• [REQUIREMENT] The answer is the full listing below, copied exactly, with its pictures omitted.

Segment Open

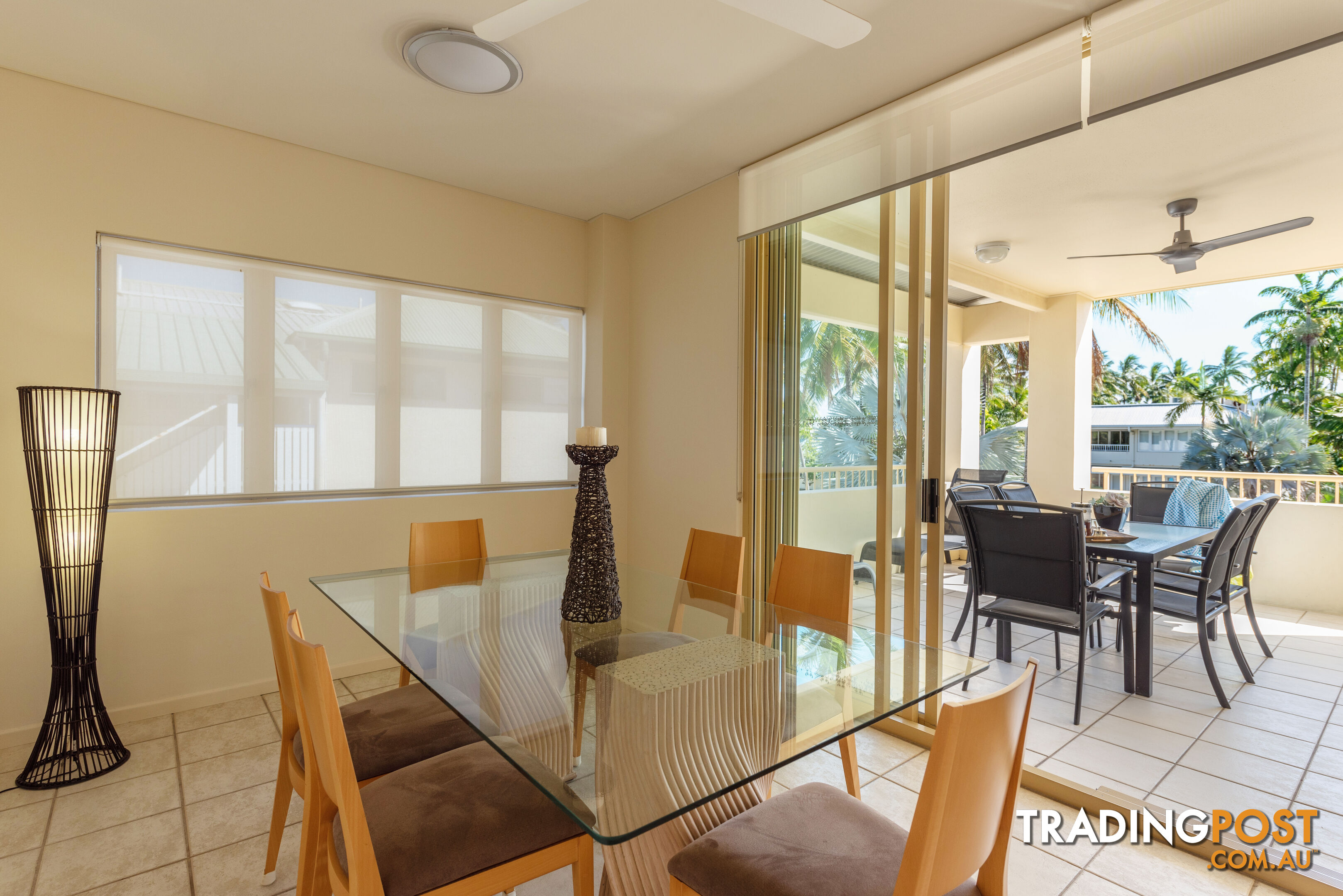 70 Macrossan Street PORT DOUGLAS QLD 4877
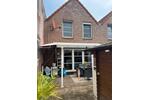 Reihenhaus Wesel - 5 Zimmer, 97 m&sup2;, 359.000&euro; | Angebot:27618159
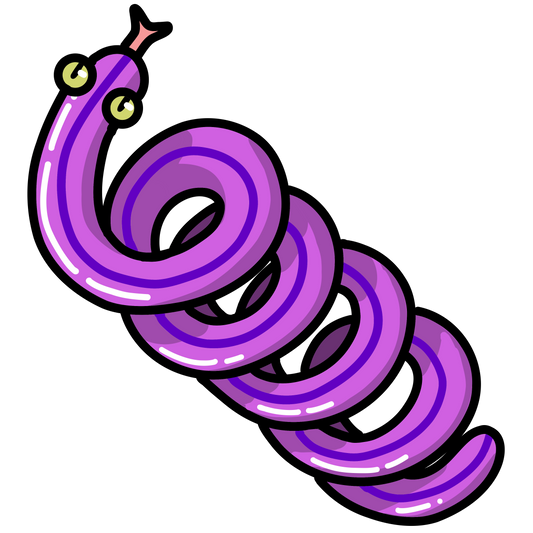 Treponema pallidum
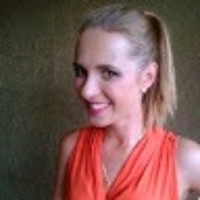 Katarzyna Król
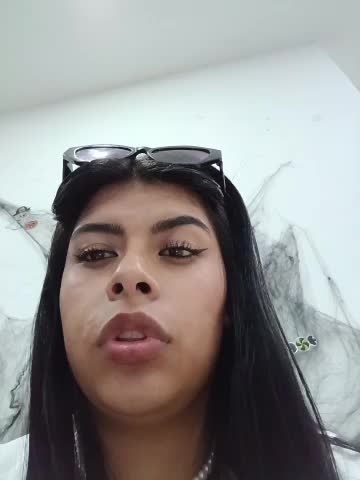 SOFIA-11_ Adult Chat October 24, 2026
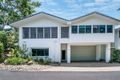 Property photo of 8-10 Thompson Crescent East Ballina NSW 2478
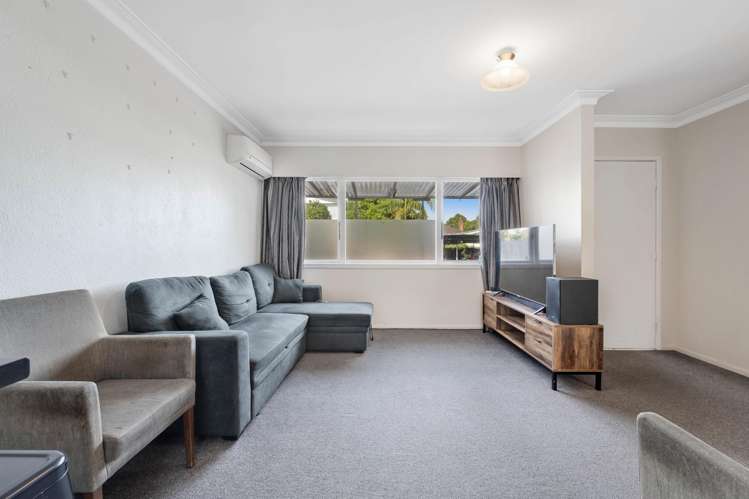 3/33 Rodney Street Howick_4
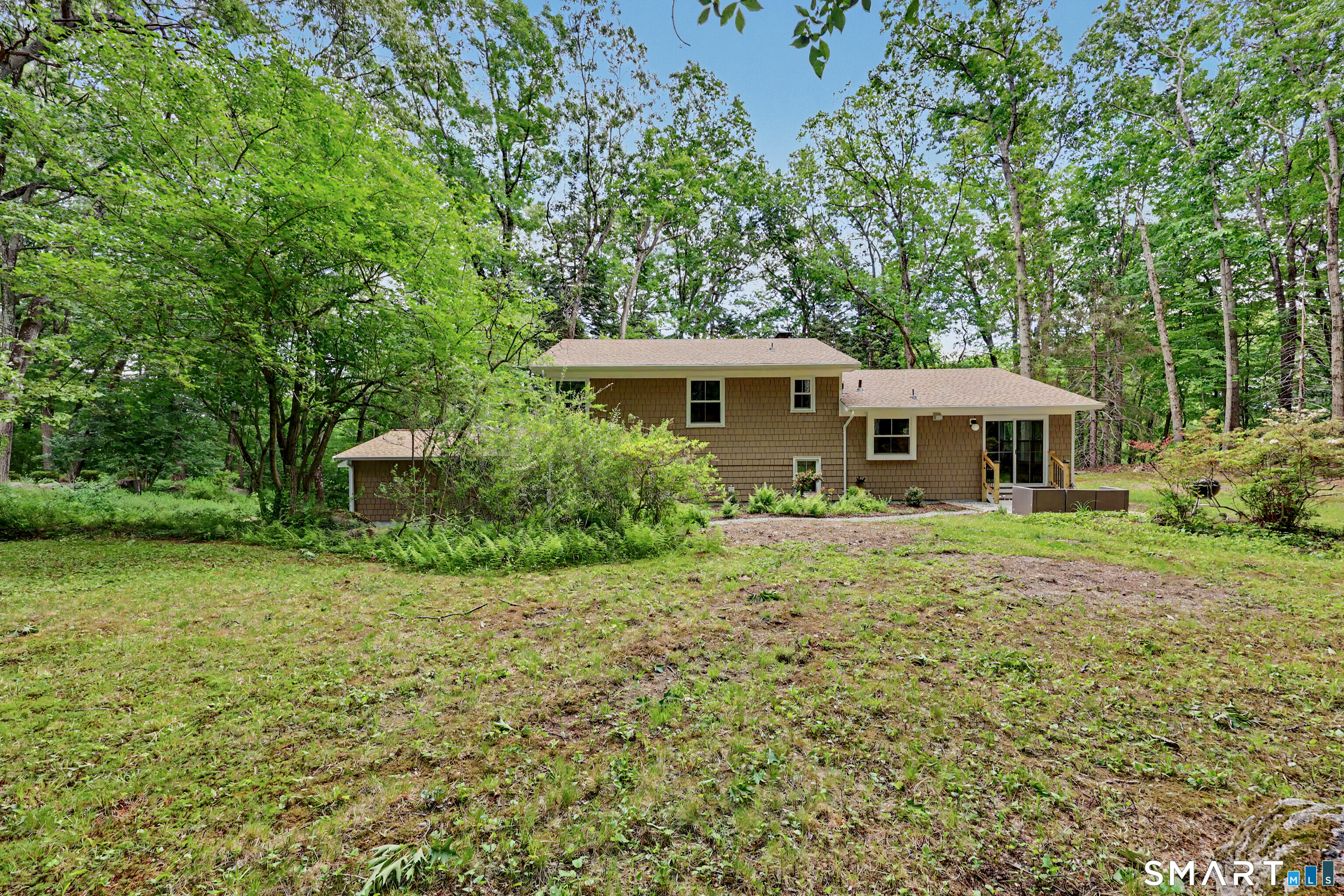 24 Wills Road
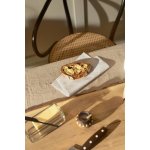 Tento Extra Long dvouvrstvé 100% celulóza 24 m 2 ks – Hledejceny.cz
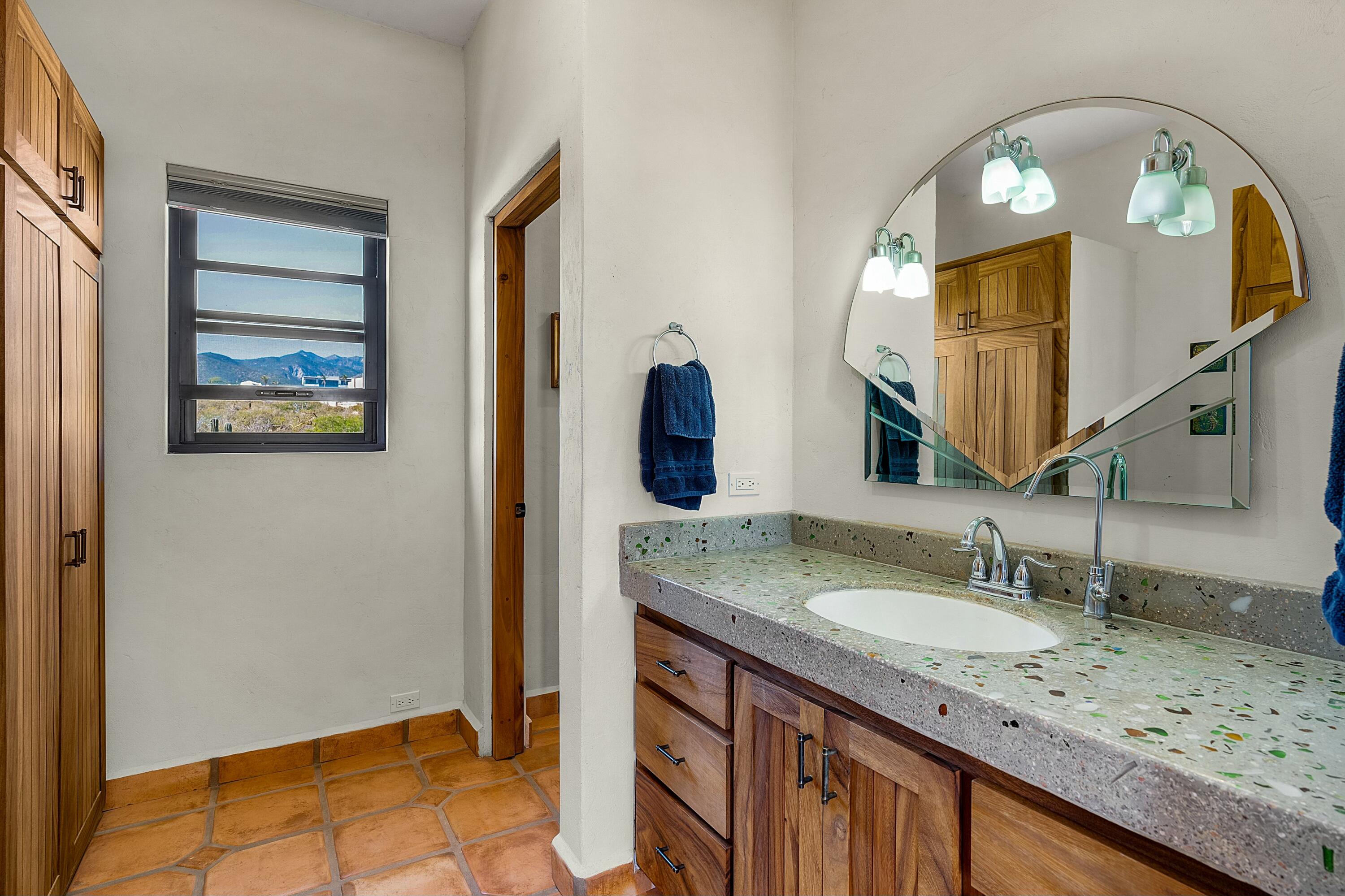 MLS #24-5830 image #55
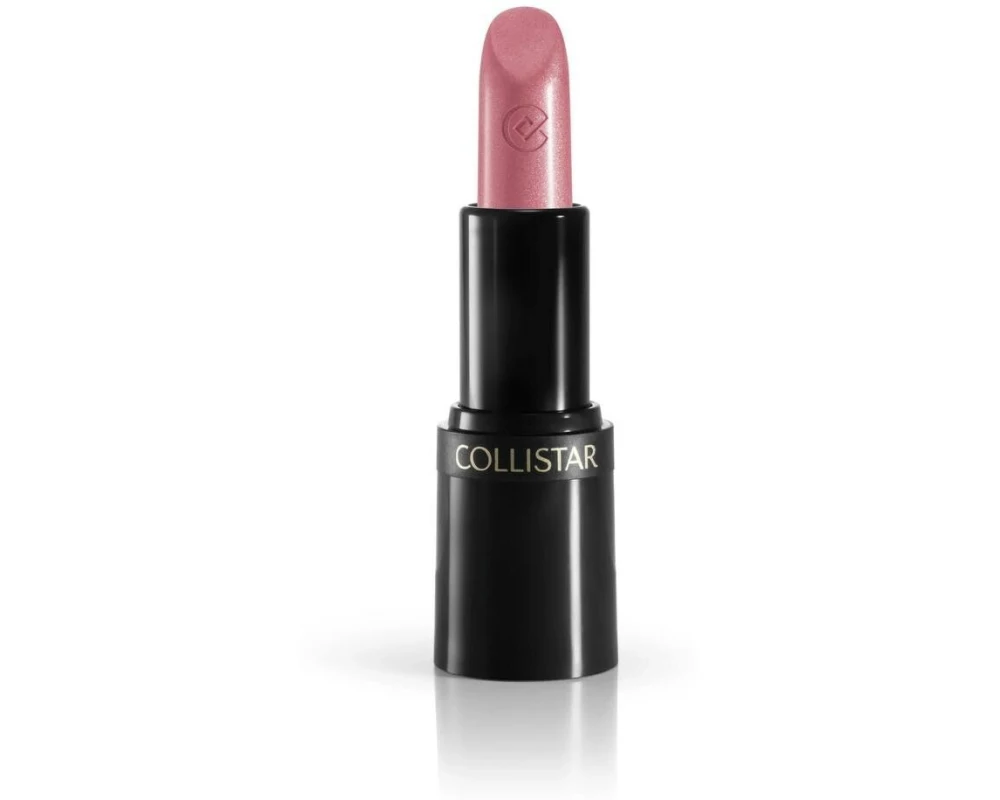 Collistar Rossetto Puro Nr. 26 Rosa Metallo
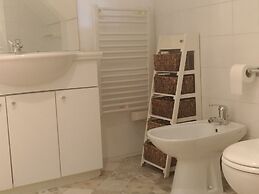Holiday Home With Swimming Pool in Correze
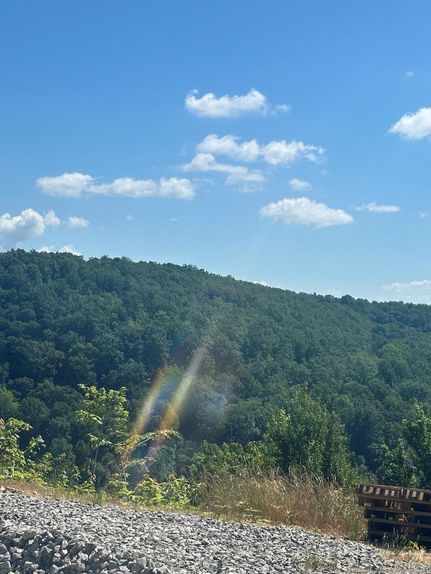 Property for sale in Fentress County, Tennessee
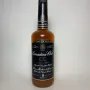 Canadian Club Black Label 8YO Blended Canadian Whisky – Distilled 1980s / Bottled 1990s (40%, 75cl)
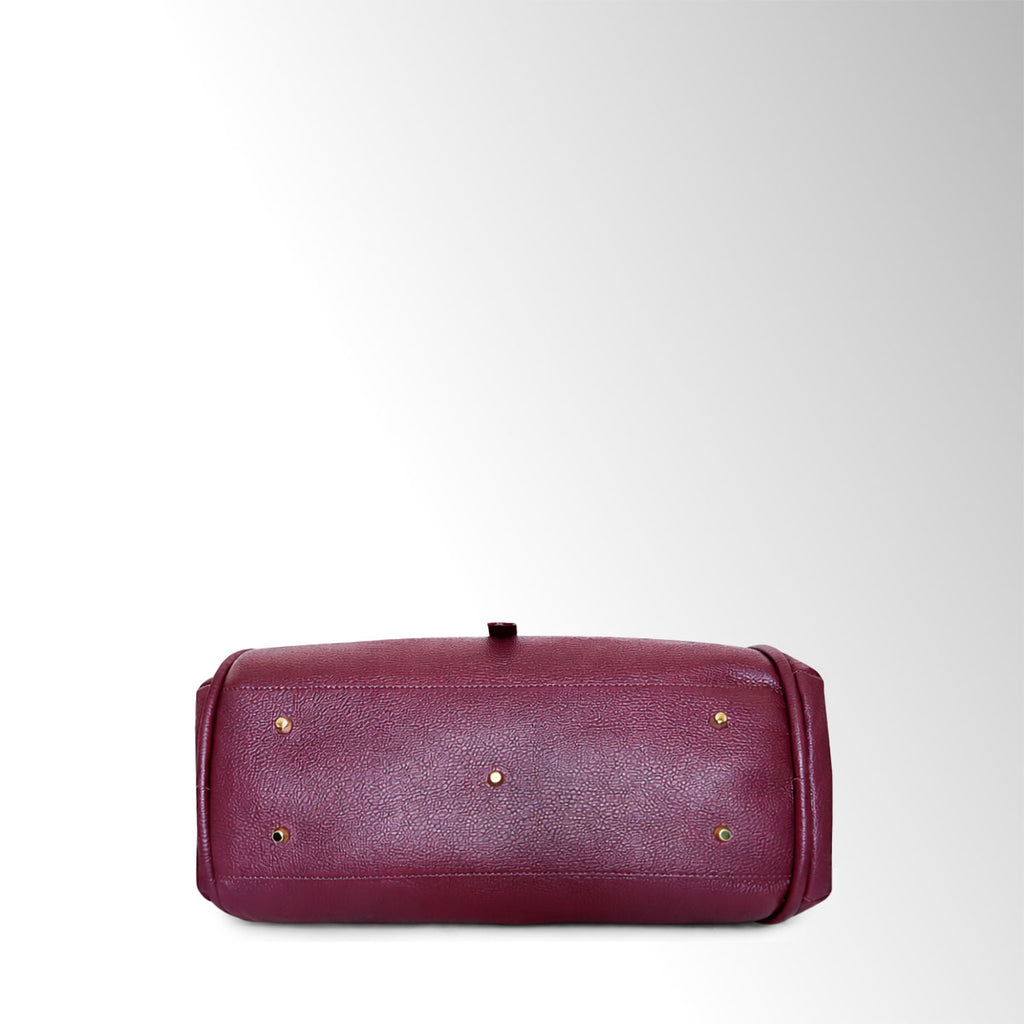 Borsa Nora mid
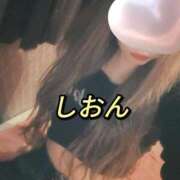 しおん【ロイヤルOP対応】 出勤です♡ あなたの全てを包み込む 優しいひとづま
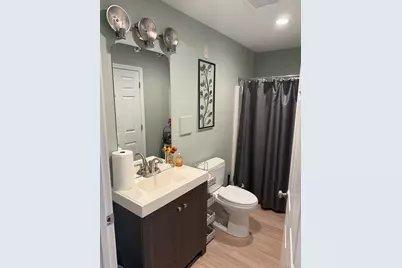 282 Linehouse Road, Thompson, CT 06255 - Photo 5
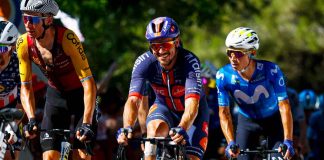 Podcast: Die letzte Tour de France – John Degenkolb zwischen Leiden & Hochgefühl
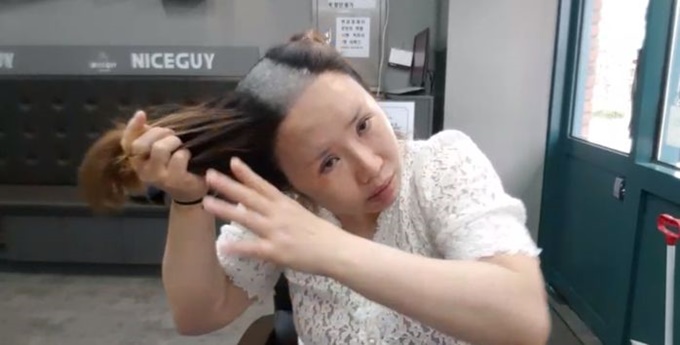 이미지에 대체텍스트 속성이 없습니다; 파일명은 7k2u719cs61d48q795r3.jpg 입니다.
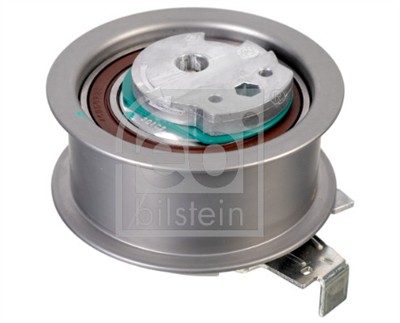 FEBI BILSTEIN 176091 EAN: 4054224760918.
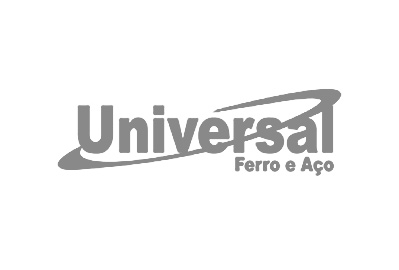 Universal Ferro e Aço LTDA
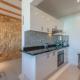 Relax in Style I Lagoon-Front 2BR in Swan Lake El Gouna Hurghada - Fotografie 3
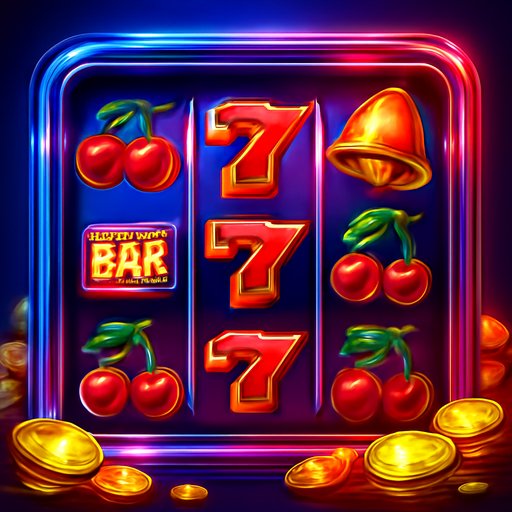 slot games online মোবাইল ড্যাশবোর্ড দৃশ্য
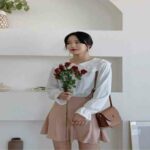 Gợi ý 16+ shop áo sơ mi nữ TPHCM làm xiêu lòng chị em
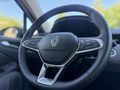 2025*BOYASIZ*14.ooo KM*1.0 TCE X TRONİC EVOLUTİON*APPLCAR*G.GRÜŞ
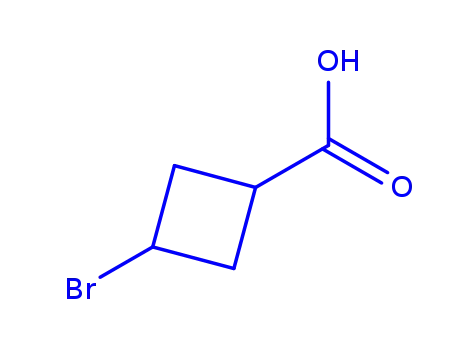 1931900-04-7 Structure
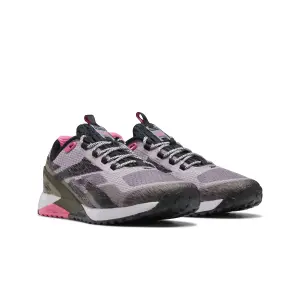 Women's shoes Reebok Nano X1 Training Adventure image-3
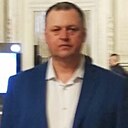 Михаил, 49 лет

Segment Closed

• [YOUR SOLUTION]
 70 Macrossan Street PORT DOUGLAS QLD 4877
 Reihenhaus Wesel - 5 Zimmer, 97 m&sup2;, 359.000&euro; | Angebot:27618159
 Treponema pallidum
 Katarzyna Król
 SOFIA-11_ Adult Chat October 24, 2026
 Property photo of 8-10 Thompson Crescent East Ballina NSW 2478
 3/33 Rodney Street Howick_4
 24 Wills Road
 Tento Extra Long dvouvrstvé 100% celulóza 24 m 2 ks – Hledejceny.cz
 MLS #24-5830 image #55
 Collistar Rossetto Puro Nr. 26 Rosa Metallo
Holiday Home With Swimming Pool in Correze
 Property for sale in Fentress County, Tennessee
 Canadian Club Black Label 8YO Blended Canadian Whisky – Distilled 1980s / Bottled 1990s (40%, 75cl)
 Borsa Nora mid
 しおん【ロイヤルOP対応】 出勤です♡ あなたの全てを包み込む 優しいひとづま
 282 Linehouse Road, Thompson, CT 06255 - Photo 5
 Podcast: Die letzte Tour de France – John Degenkolb zwischen Leiden & Hochgefühl
 이미지에 대체텍스트 속성이 없습니다; 파일명은 7k2u719cs61d48q795r3.jpg 입니다.
 FEBI BILSTEIN 176091 EAN: 4054224760918.
 Universal Ferro e Aço LTDA
 Relax in Style I Lagoon-Front 2BR in Swan Lake El Gouna Hurghada - Fotografie 3
 slot games online মোবাইল ড্যাশবোর্ড দৃশ্য
 Gợi ý 16+ shop áo sơ mi nữ TPHCM làm xiêu lòng chị em
 2025*BOYASIZ*14.ooo KM*1.0 TCE X TRONİC EVOLUTİON*APPLCAR*G.GRÜŞ
 1931900-04-7 Structure
 Women's shoes Reebok Nano X1 Training Adventure image-3
 Михаил, 49 лет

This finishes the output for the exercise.